New International Version (NIV)

13 Now there were some present at that time who told Jesus about the Galileans whose blood Pilate had mixed with their sacrifices. 2 Jesus answered, “Do you think that these Galileans were worse sinners than all the other Galileans because they suffered this way? 3 I tell you, no! But unless you repent, you too will all perish. 4 Or those eighteen who died when the tower in Siloam fell on them—do you think they were more guilty than all the others living in Jerusalem? 5 I tell you, no! But unless you repent, you too will all perish. ’”

Who were the galileans whose blood Pilate mingled with their sacrifices?

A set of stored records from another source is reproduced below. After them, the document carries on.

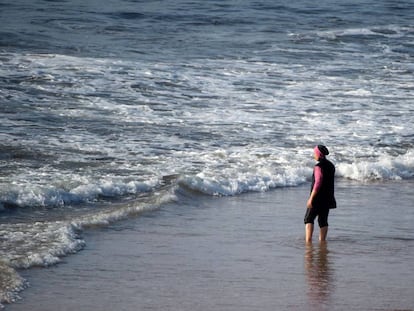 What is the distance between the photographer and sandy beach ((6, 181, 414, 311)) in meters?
8.41

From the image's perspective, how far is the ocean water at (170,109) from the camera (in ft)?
41.8

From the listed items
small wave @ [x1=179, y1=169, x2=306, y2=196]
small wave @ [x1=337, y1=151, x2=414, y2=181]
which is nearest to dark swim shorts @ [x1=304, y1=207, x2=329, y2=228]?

There's some historical/tradition information? Any clue?

5

There is no Scripture which I can find which sheds any light on this. However, there are several commentaries which do give an explanation. However, we have no way of knowing where they found their information. I have quoted them here for your consideration:

Barnes:

Whose blood Pilate had mingled ... — That is, while they were sacrificing at Jerusalem, Pilate came suddenly upon them and killed them, and “their” blood was mingled with the blood of the animals that they were slaying for sacrifice.

Clark

Whose blood Pilate had mingled — This piece of history is not recorded (as far as I can find) by Josephus: however, he states that the Galileans were the most seditious people in the land: they belonged properly to Herod’s jurisdiction; but, as they kept the great feasts at Jerusalem, they probably, by their tumultuous behavior at some one of them, gave Pilate, who was a mortal enemy to Herod, a pretext to fall upon and slay many of them; and thus, perhaps, sacrifice the people to the resentment he had against the prince. Archelaus is represented by Josephus as sending his soldiers into the temple, and slaying 3000 men while they were employed in offering sacrifices.

Guzik

The Galileans whose blood Pilate had mingled with their sacrifices: We don’t have a record in secular history about the specific incident mentioned here. But there is a similar incident before the ministry of Jesus, Pilate wanted to build an aqueduct from the Pools of Solomon to the city of Jerusalem. To pay for it, he demanded money from the temple treasury, money that had been dedicated to God — and this outraged the people. When the Jews sent a delegation to beg for their money back, Pilate sent into the crowd soldiers dressed as common people, and at a certain signal they took out daggers and attacked the people asking for the money.

This doesn’t seem to be the same incident mentioned here, but it shows how completely consistent it was with the character of Pilate to slaughter some Galilean Jews on their way to sacrifice to the Lord in Jerusalem.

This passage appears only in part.